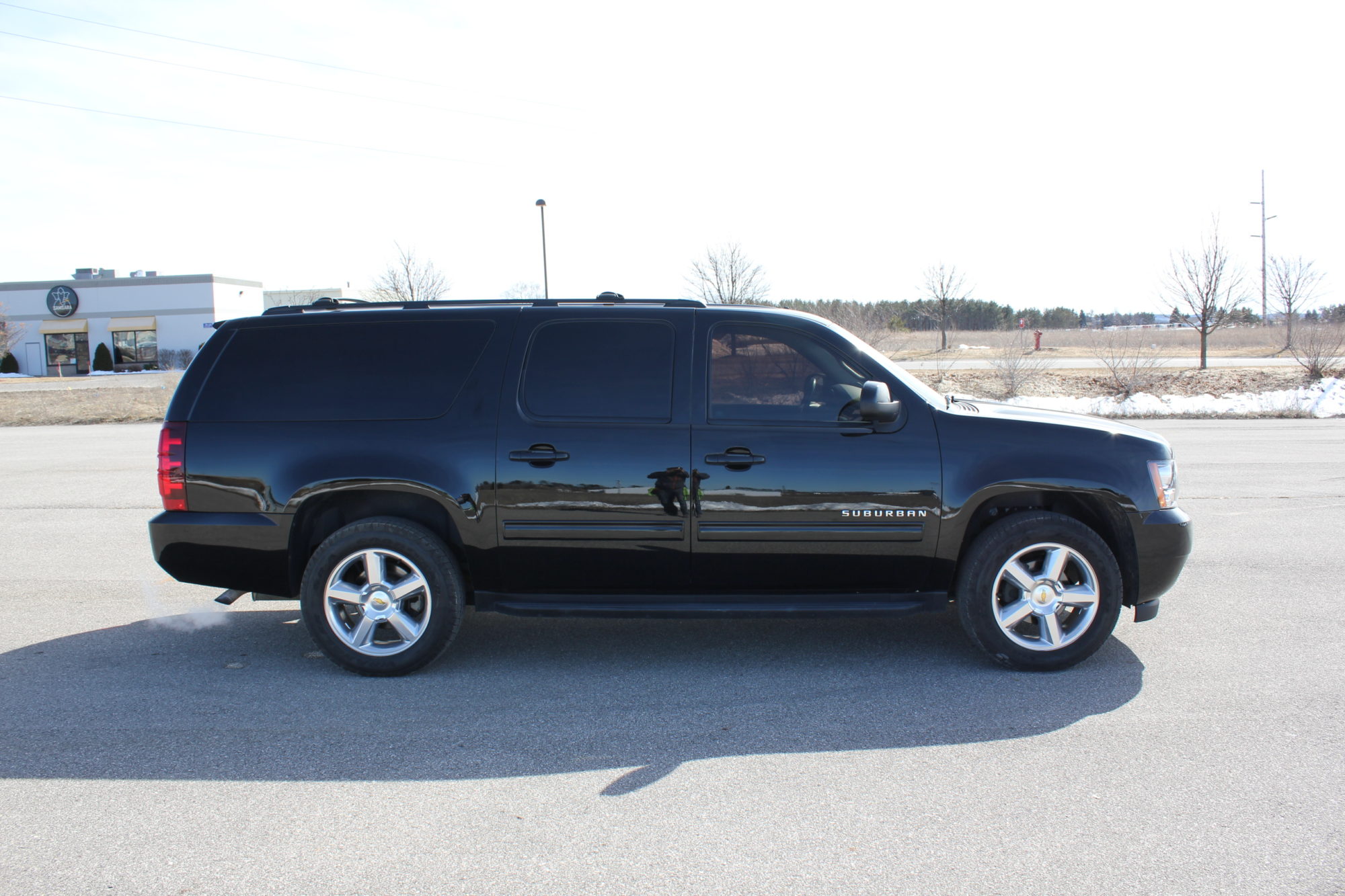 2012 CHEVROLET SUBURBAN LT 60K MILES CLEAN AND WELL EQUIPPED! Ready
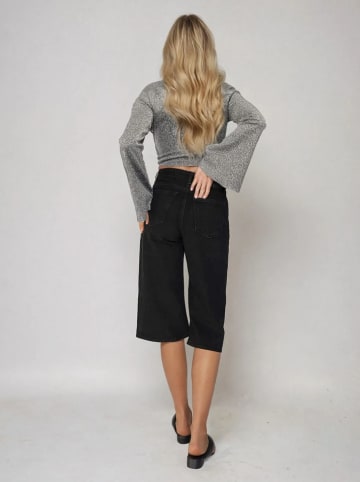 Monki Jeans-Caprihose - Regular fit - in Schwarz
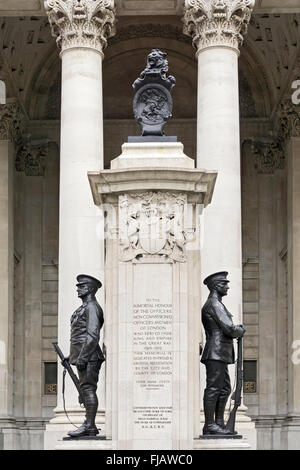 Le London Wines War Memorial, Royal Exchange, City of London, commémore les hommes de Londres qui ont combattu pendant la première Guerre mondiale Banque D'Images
::::::::::
Reproduce the material exactly; keep pictures out.

▶ [Response box]:
 2012 CHEVROLET SUBURBAN LT 60K MILES CLEAN AND WELL EQUIPPED! Ready
 Monki Jeans-Caprihose - Regular fit - in Schwarz
 Le London Wines War Memorial, Royal Exchange, City of London, commémore les hommes de Londres qui ont combattu pendant la première Guerre mondiale Banque D'Images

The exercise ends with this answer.